[Scraped caption text data]
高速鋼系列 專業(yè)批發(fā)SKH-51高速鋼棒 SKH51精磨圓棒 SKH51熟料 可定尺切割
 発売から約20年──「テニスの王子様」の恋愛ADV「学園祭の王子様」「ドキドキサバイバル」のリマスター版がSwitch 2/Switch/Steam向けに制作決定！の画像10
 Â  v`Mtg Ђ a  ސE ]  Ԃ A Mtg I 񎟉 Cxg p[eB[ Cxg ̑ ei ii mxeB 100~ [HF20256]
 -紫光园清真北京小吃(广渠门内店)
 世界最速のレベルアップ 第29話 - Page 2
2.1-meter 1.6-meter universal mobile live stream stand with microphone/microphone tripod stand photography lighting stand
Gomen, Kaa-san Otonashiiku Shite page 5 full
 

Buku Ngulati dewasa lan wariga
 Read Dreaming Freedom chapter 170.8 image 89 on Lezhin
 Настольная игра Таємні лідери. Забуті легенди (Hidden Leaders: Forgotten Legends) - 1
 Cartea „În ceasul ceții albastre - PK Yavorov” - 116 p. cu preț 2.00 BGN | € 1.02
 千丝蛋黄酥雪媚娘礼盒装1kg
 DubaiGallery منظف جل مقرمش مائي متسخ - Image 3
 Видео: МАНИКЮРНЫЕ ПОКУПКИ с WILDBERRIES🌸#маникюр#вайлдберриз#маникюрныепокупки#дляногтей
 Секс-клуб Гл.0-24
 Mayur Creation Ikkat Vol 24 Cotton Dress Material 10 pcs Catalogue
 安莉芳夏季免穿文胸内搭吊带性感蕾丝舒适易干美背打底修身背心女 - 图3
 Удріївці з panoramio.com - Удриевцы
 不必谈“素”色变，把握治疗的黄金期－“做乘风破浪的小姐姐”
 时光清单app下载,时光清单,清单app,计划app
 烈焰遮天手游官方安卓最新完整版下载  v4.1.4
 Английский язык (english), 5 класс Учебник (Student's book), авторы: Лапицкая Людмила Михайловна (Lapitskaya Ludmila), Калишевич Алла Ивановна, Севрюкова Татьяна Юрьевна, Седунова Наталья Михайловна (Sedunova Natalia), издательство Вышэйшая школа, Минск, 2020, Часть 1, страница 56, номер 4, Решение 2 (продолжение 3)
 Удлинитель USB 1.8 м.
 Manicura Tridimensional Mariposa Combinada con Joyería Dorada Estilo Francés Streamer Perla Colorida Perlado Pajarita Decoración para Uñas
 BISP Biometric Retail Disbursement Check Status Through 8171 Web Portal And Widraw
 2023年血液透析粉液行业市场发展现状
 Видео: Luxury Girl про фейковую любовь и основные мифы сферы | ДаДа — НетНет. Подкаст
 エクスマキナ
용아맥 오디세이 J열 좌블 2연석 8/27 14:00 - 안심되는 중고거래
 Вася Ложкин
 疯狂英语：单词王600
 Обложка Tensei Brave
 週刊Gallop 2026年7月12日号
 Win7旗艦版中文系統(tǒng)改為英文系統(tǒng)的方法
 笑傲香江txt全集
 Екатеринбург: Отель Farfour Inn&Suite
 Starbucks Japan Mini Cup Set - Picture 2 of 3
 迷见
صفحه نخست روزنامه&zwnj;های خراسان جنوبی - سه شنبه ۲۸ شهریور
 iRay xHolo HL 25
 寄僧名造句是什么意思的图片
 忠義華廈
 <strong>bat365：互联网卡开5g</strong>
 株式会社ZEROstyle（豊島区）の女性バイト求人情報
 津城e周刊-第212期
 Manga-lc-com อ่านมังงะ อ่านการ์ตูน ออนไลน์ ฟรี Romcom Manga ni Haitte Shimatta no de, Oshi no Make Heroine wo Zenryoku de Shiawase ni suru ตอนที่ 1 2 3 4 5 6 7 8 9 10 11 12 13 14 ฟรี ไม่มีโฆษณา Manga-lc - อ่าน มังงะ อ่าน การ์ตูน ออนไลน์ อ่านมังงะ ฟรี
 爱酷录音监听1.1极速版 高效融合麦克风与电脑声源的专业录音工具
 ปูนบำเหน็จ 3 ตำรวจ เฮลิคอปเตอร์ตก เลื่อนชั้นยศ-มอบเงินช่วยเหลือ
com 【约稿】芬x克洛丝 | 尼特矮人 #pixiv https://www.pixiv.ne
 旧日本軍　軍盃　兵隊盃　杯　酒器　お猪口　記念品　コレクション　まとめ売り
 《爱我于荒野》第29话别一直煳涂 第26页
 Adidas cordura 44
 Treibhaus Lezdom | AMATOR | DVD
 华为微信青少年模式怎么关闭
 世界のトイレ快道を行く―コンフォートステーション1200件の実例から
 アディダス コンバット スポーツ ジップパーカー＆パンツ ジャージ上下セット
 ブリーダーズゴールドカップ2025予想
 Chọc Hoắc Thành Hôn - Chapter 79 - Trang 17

Instructions to follow
Repeat each entry above, matching every line exactly.

Exercise response
高速鋼系列 專業(yè)批發(fā)SKH-51高速鋼棒 SKH51精磨圓棒 SKH51熟料 可定尺切割
 発売から約20年──「テニスの王子様」の恋愛ADV「学園祭の王子様」「ドキドキサバイバル」のリマスター版がSwitch 2/Switch/Steam向けに制作決定！の画像10
 Â  v`Mtg Ђ a  ސE ]  Ԃ A Mtg I 񎟉 Cxg p[eB[ Cxg ̑ ei ii mxeB 100~ [HF20256]
 -紫光园清真北京小吃(广渠门内店)
 世界最速のレベルアップ 第29話 - Page 2
2.1-meter 1.6-meter universal mobile live stream stand with microphone/microphone tripod stand photography lighting stand
Gomen, Kaa-san Otonashiiku Shite page 5 full
 

Buku Ngulati dewasa lan wariga
 Read Dreaming Freedom chapter 170.8 image 89 on Lezhin
 Настольная игра Таємні лідери. Забуті легенди (Hidden Leaders: Forgotten Legends) - 1
 Cartea „În ceasul ceții albastre - PK Yavorov” - 116 p. cu preț 2.00 BGN | € 1.02
 千丝蛋黄酥雪媚娘礼盒装1kg
 DubaiGallery منظف جل مقرمش مائي متسخ - Image 3
 Видео: МАНИКЮРНЫЕ ПОКУПКИ с WILDBERRIES🌸#маникюр#вайлдберриз#маникюрныепокупки#дляногтей
 Секс-клуб Гл.0-24
 Mayur Creation Ikkat Vol 24 Cotton Dress Material 10 pcs Catalogue
 安莉芳夏季免穿文胸内搭吊带性感蕾丝舒适易干美背打底修身背心女 - 图3
 Удріївці з panoramio.com - Удриевцы
 不必谈“素”色变，把握治疗的黄金期－“做乘风破浪的小姐姐”
 时光清单app下载,时光清单,清单app,计划app
 烈焰遮天手游官方安卓最新完整版下载  v4.1.4
 Английский язык (english), 5 класс Учебник (Student's book), авторы: Лапицкая Людмила Михайловна (Lapitskaya Ludmila), Калишевич Алла Ивановна, Севрюкова Татьяна Юрьевна, Седунова Наталья Михайловна (Sedunova Natalia), издательство Вышэйшая школа, Минск, 2020, Часть 1, страница 56, номер 4, Решение 2 (продолжение 3)
 Удлинитель USB 1.8 м.
 Manicura Tridimensional Mariposa Combinada con Joyería Dorada Estilo Francés Streamer Perla Colorida Perlado Pajarita Decoración para Uñas
 BISP Biometric Retail Disbursement Check Status Through 8171 Web Portal And Widraw
 2023年血液透析粉液行业市场发展现状
 Видео: Luxury Girl про фейковую любовь и основные мифы сферы | ДаДа — НетНет. Подкаст
 エクスマキナ
용아맥 오디세이 J열 좌블 2연석 8/27 14:00 - 안심되는 중고거래
 Вася Ложкин
 疯狂英语：单词王600
 Обложка Tensei Brave
 週刊Gallop 2026年7月12日号
 Win7旗艦版中文系統(tǒng)改為英文系統(tǒng)的方法
 笑傲香江txt全集
 Екатеринбург: Отель Farfour Inn&Suite
 Starbucks Japan Mini Cup Set - Picture 2 of 3
 迷见
صفحه نخست روزنامه&zwnj;های خراسان جنوبی - سه شنبه ۲۸ شهریور
 iRay xHolo HL 25
 寄僧名造句是什么意思的图片
 忠義華廈
 <strong>bat365：互联网卡开5g</strong>
 株式会社ZEROstyle（豊島区）の女性バイト求人情報
 津城e周刊-第212期
 Manga-lc-com อ่านมังงะ อ่านการ์ตูน ออนไลน์ ฟรี Romcom Manga ni Haitte Shimatta no de, Oshi no Make Heroine wo Zenryoku de Shiawase ni suru ตอนที่ 1 2 3 4 5 6 7 8 9 10 11 12 13 14 ฟรี ไม่มีโฆษณา Manga-lc - อ่าน มังงะ อ่าน การ์ตูน ออนไลน์ อ่านมังงะ ฟรี
 爱酷录音监听1.1极速版 高效融合麦克风与电脑声源的专业录音工具
 ปูนบำเหน็จ 3 ตำรวจ เฮลิคอปเตอร์ตก เลื่อนชั้นยศ-มอบเงินช่วยเหลือ
com 【约稿】芬x克洛丝 | 尼特矮人 #pixiv https://www.pixiv.ne
 旧日本軍　軍盃　兵隊盃　杯　酒器　お猪口　記念品　コレクション　まとめ売り
 《爱我于荒野》第29话别一直煳涂 第26页
 Adidas cordura 44
 Treibhaus Lezdom | AMATOR | DVD
 华为微信青少年模式怎么关闭
 世界のトイレ快道を行く―コンフォートステーション1200件の実例から
 アディダス コンバット スポーツ ジップパーカー＆パンツ ジャージ上下セット
 ブリーダーズゴールドカップ2025予想
 Chọc Hoắc Thành Hôn - Chapter 79 - Trang 17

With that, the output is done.